However, the bright, buoyant, loving way in which Isabel sought to gain her rightful place in Ferdinand’s affections would have succeeded in any Court less corrupt than that of Madrid. But the stream of a sweet, pure influence was checked by the stagnating effect of flattery and lies, and the King shut himself out of the joys of a happy home life by the barricades of self-interested friendship, and he strove to satisfy his young wife by showering such public marks of favour upon her as having the Buen Retiro made into a perfect garden of Paradise for her use. But, even as the beautiful Queen trod the lovely glades and gazed at the gorgeous flowers, she sighed for more frequent signs of her husband’s love and confidence, which would have filled her heart with a joy unobtainable by any outward pomp and prettiness.

Alagon and Chamorro indeed formed an insurmountable barrier between the royal couple, and all Isabel’s efforts seemed powerless to break it down.

The King’s charming compliments to his wife sometimes soothed her chafed spirits, and consoled her with the hope that, if not supreme in his confidence, she had at least no rival in his heart.
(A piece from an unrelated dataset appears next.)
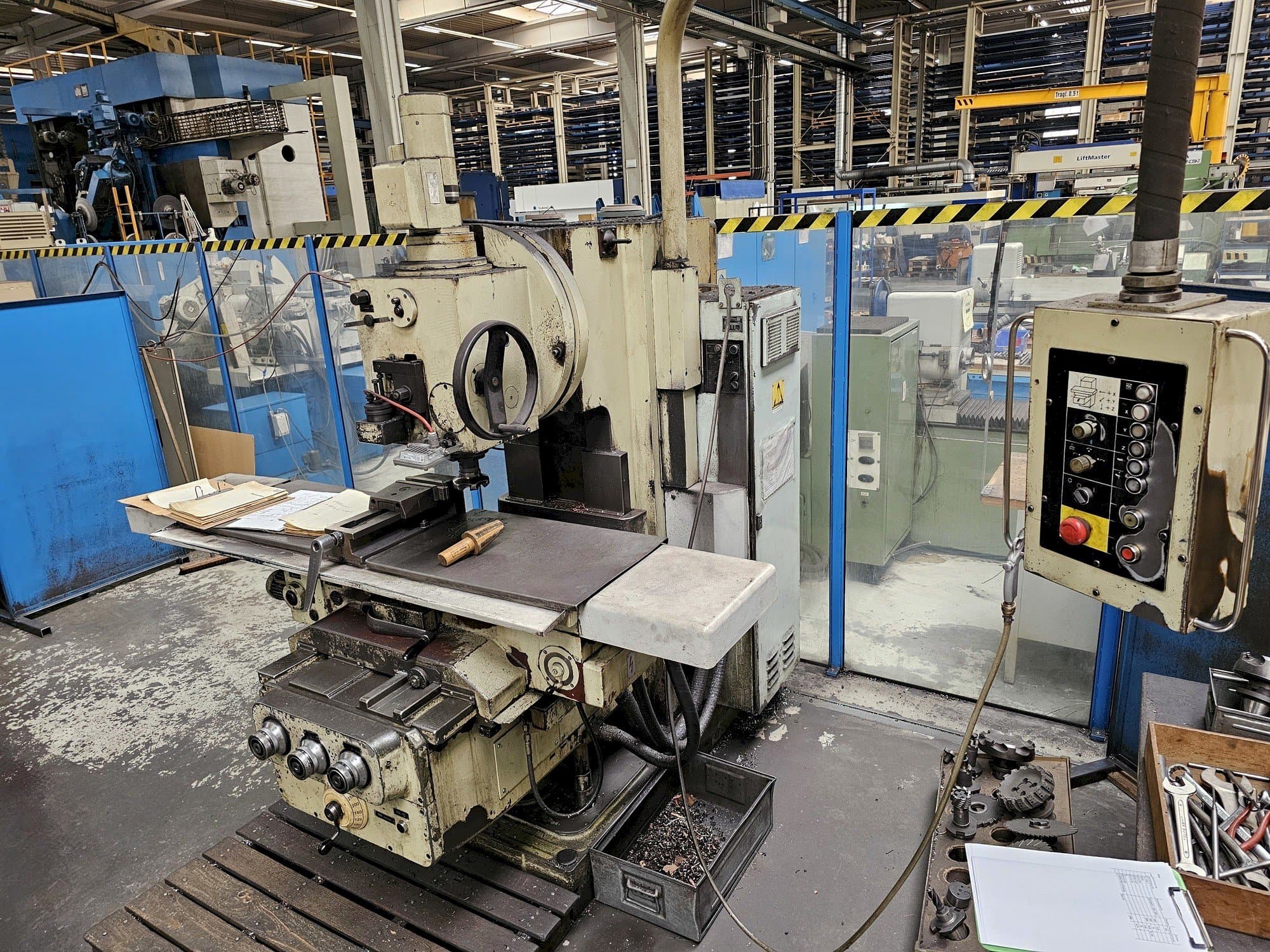 Čelní pohled  na VEB FSS 400/E  stroj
But this consolation was not long left her, for the day came when she found that the man who had been treacherous to his father and his mother, his family, and his friends, was also false to his wife.
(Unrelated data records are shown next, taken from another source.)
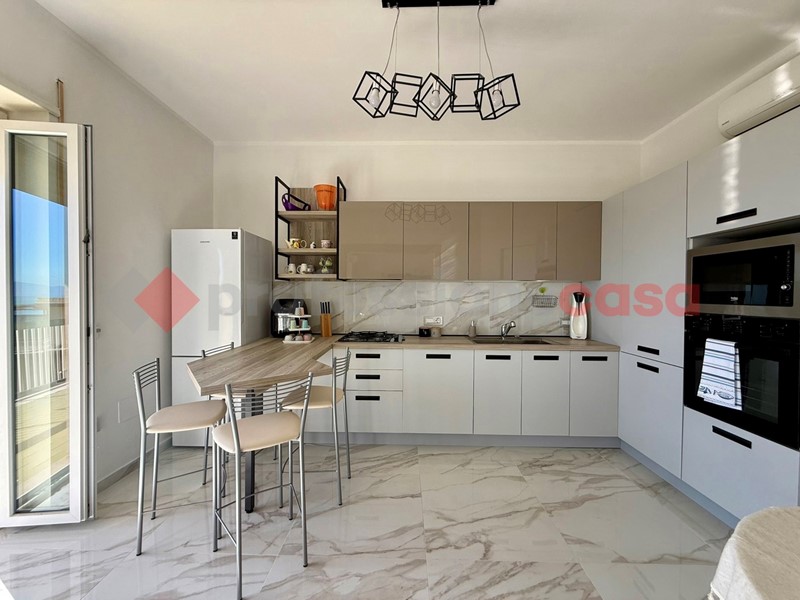 Quadrilocale in Vendita a Formia, 515'000&euro;, 135 m², arredato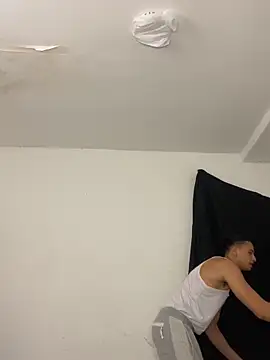 Snapshot of Kris_Khalifa69 chatting on January 2025 04:55:01 AM Kris Khalifa69 online show from January 2025 04:55:01 AM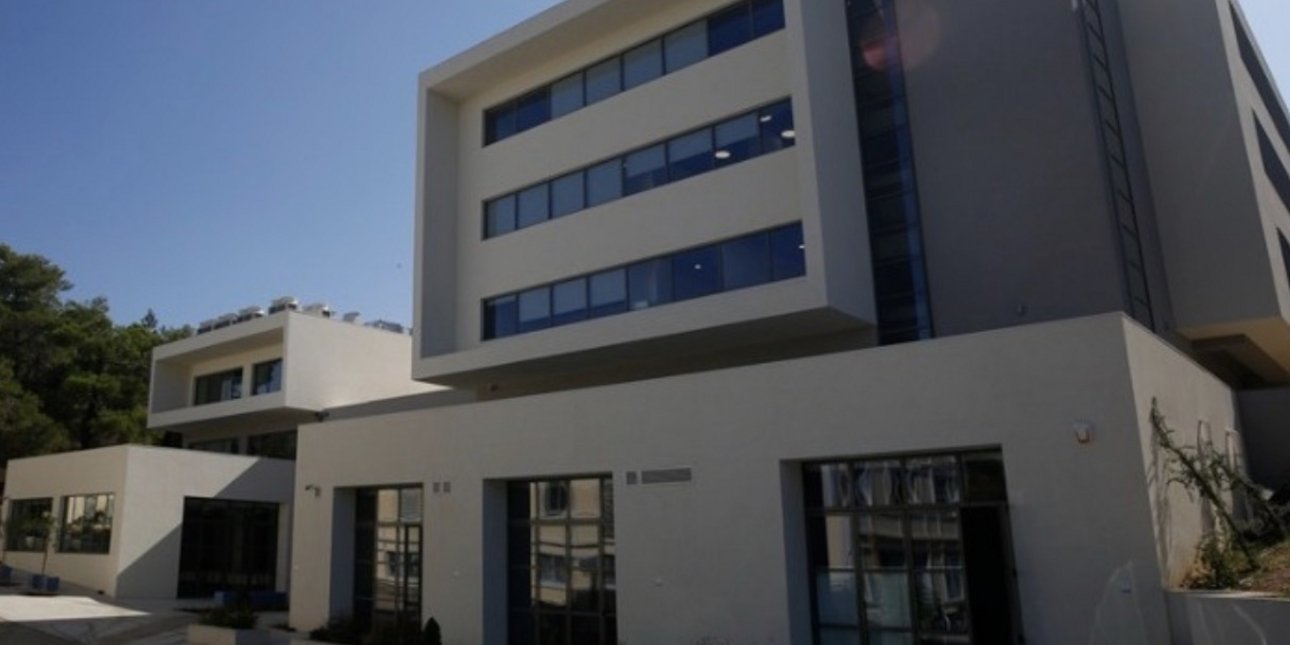 Σήμαρα τα εγκαίνια του νέου κτιρίου του «Δημόκριτου», παρουσία του πρωθυπουργού -«Σπίτι» του ελληνικού εργοστασίου Τεχνητής Νοημοσύνης Pharros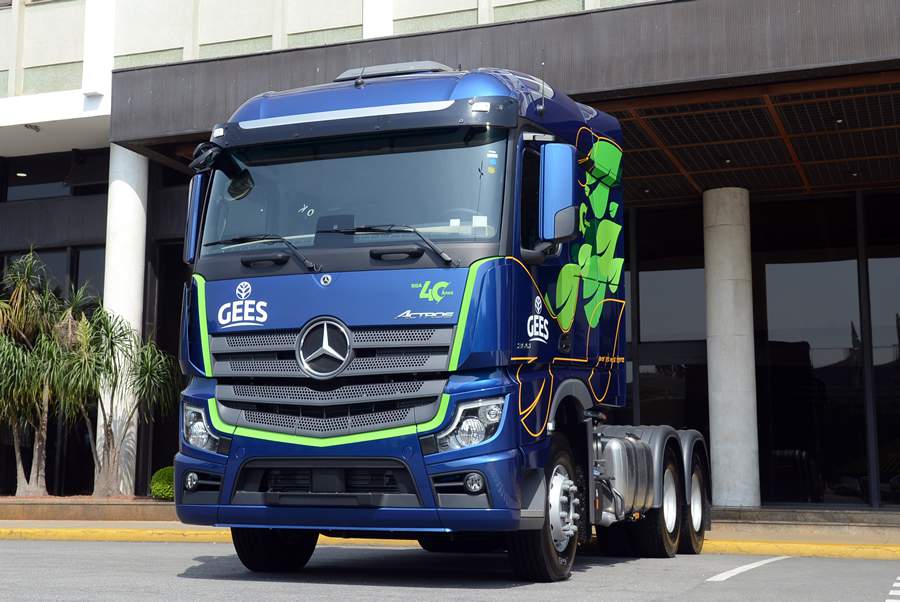 Mercedes-Benz vende 172 caminh&otilde;es extrapesados Actros para escoamento da produ&ccedil;&atilde;o de gr&atilde;os da RISA/GEES S/A
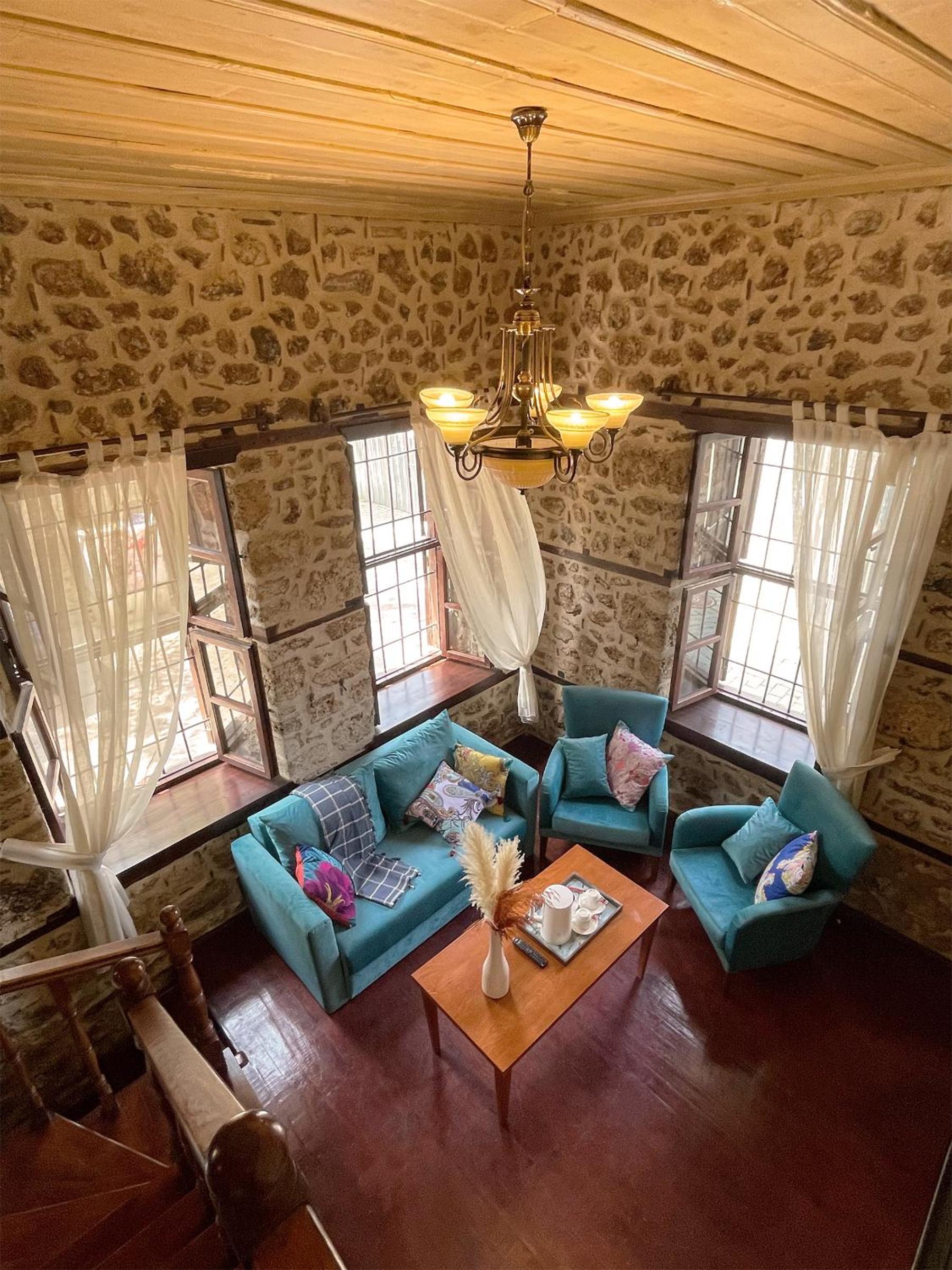 Deluxe King Suite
The Queen was sitting one evening in the royal palace. If her pretty forehead puckered sometimes in thought, it was probably because she was planning some fresh fantastic surprise for the husband who was enthroned in her heart, or perhaps she was forming some plan for an exhibition in the Art Institution she had founded, when her brother-in-law, Don Carlos, came into the room and informed her that the King had gone out into the city in his mysterious way with his confidants Alagon and Chamorro, and expeditions conducted in this secret form signified to the Prince an affaire de cœur. Isabel at first declined to believe the Infante’s statement, as Ferdinand had told her that he was only going on business to the Mayordomo’s office. So the Prince accompanied his sister-in-law to the office in question, and when the King was not to be found there, and his companions also proved to be missing, the Queen determined to wait for her husband in a room near the door by which he would re-enter the palace. The hours of waiting were long, and when Ferdinand finally returned it was to find the gentle Queen too overwrought to be able to restrain her rage.
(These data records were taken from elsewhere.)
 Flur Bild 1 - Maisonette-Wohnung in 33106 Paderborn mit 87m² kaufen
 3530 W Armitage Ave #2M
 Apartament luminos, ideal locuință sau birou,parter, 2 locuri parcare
“You have deceived me!” she cried. “You come from the house of your dear one! I congratulate you!”

The King replied in terms which showed how great was his anger with the tale-bearer, and the dialogue between the royal brothers might have led to fatal results had not Doña Francisca intervened; and, as the influence which the Princess exerted over her brother-in-law was always of great weight, the painful scene ended with the wound to poor Isabel’s heart which never was healed.

Deceived in her husband, the young Queen devoted herself assiduously to her baby daughter, and was never so happy as when she was doing everything herself for it; and when the little Infanta succumbed to an illness, Isabel’s grief was intense, and the King also was much affected at the death of his baby daughter.

It was about this time that the serious discontent in the realm led to a plot which was to compass the assassination of the King. Don Vicente Richard was the chief conspirator, and as each participator in the plot knew of only two others concerned in it, and the triangular sections were all quite separate from each other, the names were never disclosed. When it was time to put the match to the train, some thought that it would be well to surprise the King in the house of a certain beautiful Andalusian lady called Pepa, so that the whole country should know that the perfidy of the King extended to his domestic life as well as to matters of public concern.

But Richard’s two co-operators betrayed the plot to the palace, and although the conspirators met the fate which such actions invite, and the King spared neither time nor money in trying to find out their co-operators, no further information was discoverable.

The Freemasons were at this time a great object of persecution on the part of the Inquisition. In a curious old book called “Narration of Don Juan Van Halem, Field-Marshal of the National Troops,” we have an account of a secret audience he had with Ferdinand for the purpose of making certain revelations to His Majesty on the subject.